> [What the task asks]
Please copy, exactly as they appear below, the lines from the one containing "Silenciador/ Sistema de" through the one containing "5339 N 58th St, Milwaukee, WI 53218 - #1".

*** The records Section Begins ***

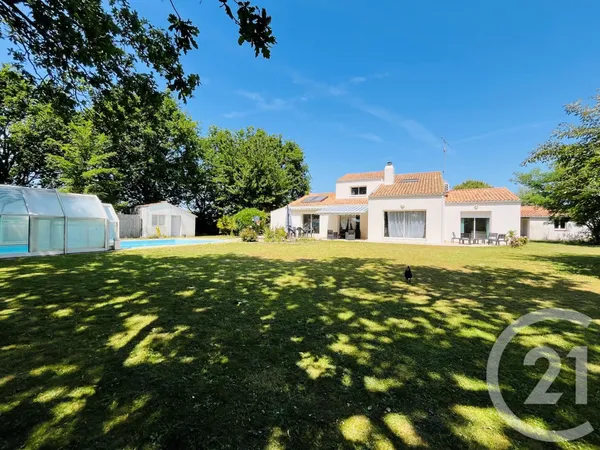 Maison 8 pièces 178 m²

*** The records Section Ends ***
*** The records Section Begins ***

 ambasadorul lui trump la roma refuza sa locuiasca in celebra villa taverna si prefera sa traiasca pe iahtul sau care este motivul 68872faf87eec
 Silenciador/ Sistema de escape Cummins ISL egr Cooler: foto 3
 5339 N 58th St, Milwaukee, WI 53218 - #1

*** The records Section Ends ***

> [Your response]
 Silenciador/ Sistema de escape Cummins ISL egr Cooler: foto 3
 5339 N 58th St, Milwaukee, WI 53218 - #1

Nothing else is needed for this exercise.